Coulomb-correlated few-electron states in a transmission electron microscope beam

Correlations between electrons are ubiquitous in atomic, molecular, and solid-state systems. Observing such phenomena for free electrons requires a highly degenerate phase space density, readily available by femtosecond photoemission from nanotips [1,2], and benefits from the supreme beam control of electron microscopes [3]. However, ensemble-averaged detection usually prevents studying multi-particle correlations in free-electron beams.

In this work, we use event-based electron microscopy to characterize laser-triggered few-electron pulses generated at a Schottky field emitter [4]. We find surprisingly strong energy correlations of about 2~eV in the two- and three-electron states hinting at a correlated emission process. Furthermore, state-sorted beam caustics show characteristic transverse pair distributions, as well as an increase and a longitudinal shift of the source.

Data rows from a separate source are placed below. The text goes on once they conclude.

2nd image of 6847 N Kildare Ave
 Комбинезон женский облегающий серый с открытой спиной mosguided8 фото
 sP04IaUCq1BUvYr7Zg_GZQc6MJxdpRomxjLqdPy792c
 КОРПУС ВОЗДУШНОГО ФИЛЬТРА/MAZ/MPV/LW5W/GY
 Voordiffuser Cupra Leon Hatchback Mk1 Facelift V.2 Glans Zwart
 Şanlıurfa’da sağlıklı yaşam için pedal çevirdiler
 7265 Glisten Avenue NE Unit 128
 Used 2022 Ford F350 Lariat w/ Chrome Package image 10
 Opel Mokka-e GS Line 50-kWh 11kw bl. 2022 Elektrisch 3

Inducing strong few-electron Coulomb correlations facilitates non-Poissonian electron pulse statistics, promising heralded electron sources, shot-noise-reduced lithography, and applications in free-electron quantum optics and matter wave interferometry.

[1] P. Hommelhoff, et al., Phys. Rev. Lett. 96, 077401 (2006)

[2] C. Ropers, et al., Phys. Rev. Lett. 98, 043907 (2007)

[3] A. Feist, et al., Ultramicroscopy 176, 63-73 (2017)

[4] R. Haindl, et al., arXiv:2209.12300 (2022)